→ **EXERCISE PROMPT**
Exactly the lines from the line that has "Foto 11 de Apartamento" through the final line below are to be retyped, and the pictures are not.

[Image-text web data]
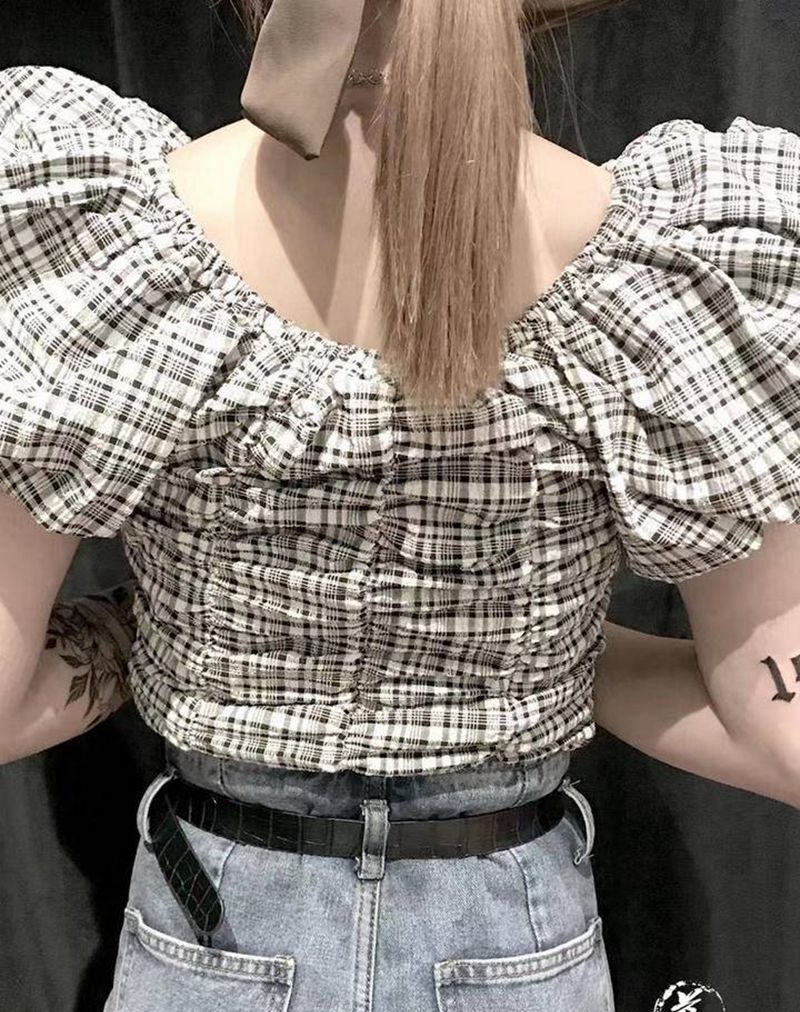 哥特字纹身图片_手臂花体字纹身图案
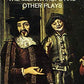The Misanthrope and Other Plays (Penguin Classics)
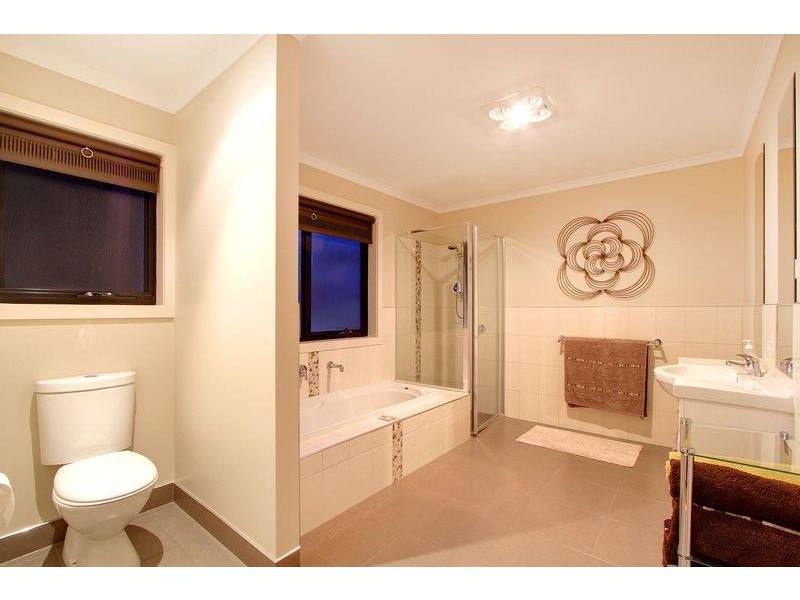 23 Clearview Avenue, Trevallyn TAS 7250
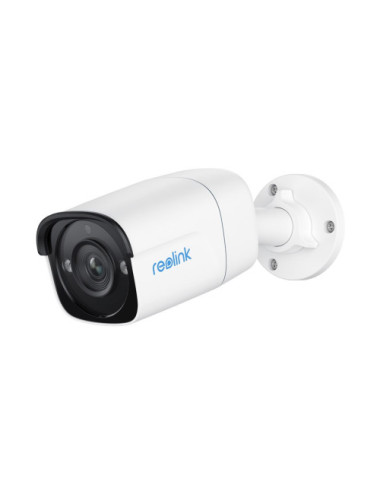 Kamera IP Reolink P320 5MP...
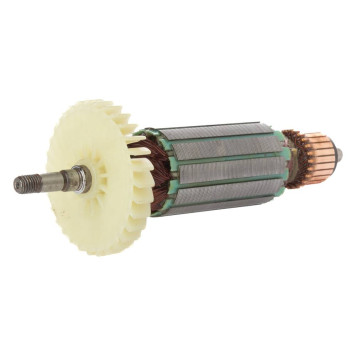 Ротор RD-AG91-125-28-1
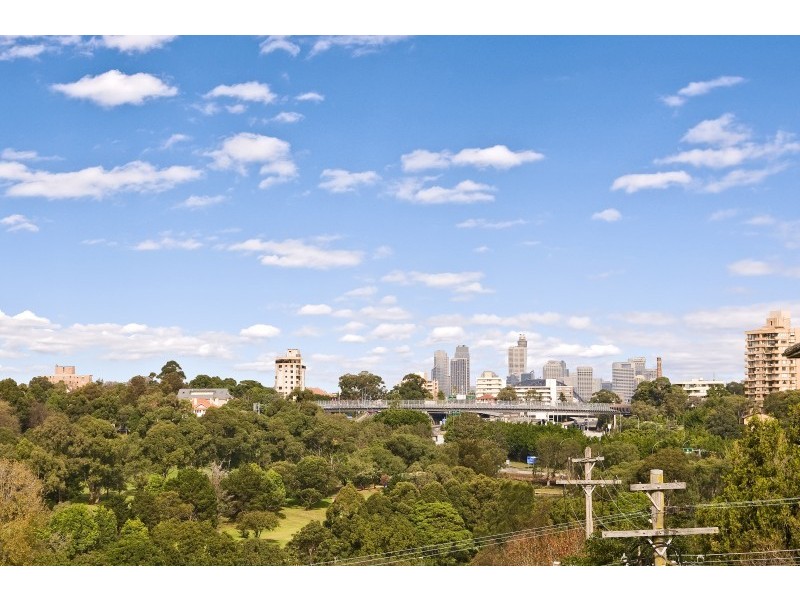 3 Cairo Street, Cammeray NSW 2062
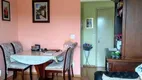 Foto 11 de Apartamento com 2 Quartos à venda, 60m² em Butantã, São Paulo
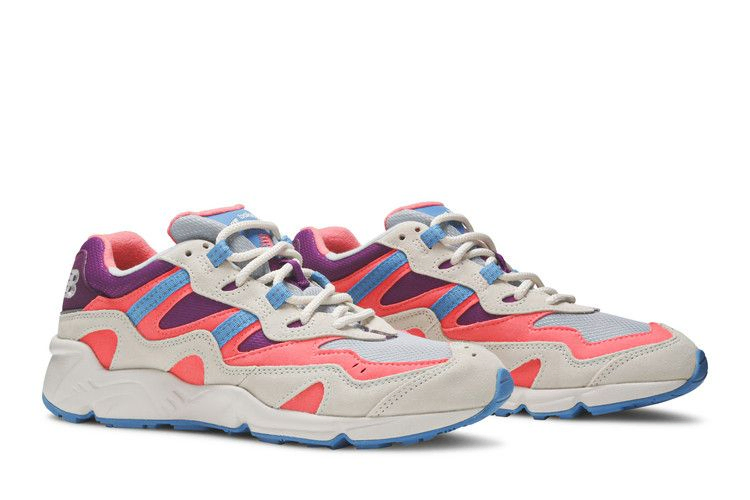 850-pink-beige-purple-ml850ysad_07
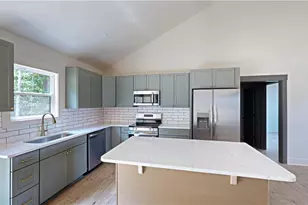 1655 Blair St, Thomasville, NC 27360 - Photo 6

→ **RESPONSE BELOW**
 Foto 11 de Apartamento com 2 Quartos à venda, 60m² em Butantã, São Paulo
 850-pink-beige-purple-ml850ysad_07
 1655 Blair St, Thomasville, NC 27360 - Photo 6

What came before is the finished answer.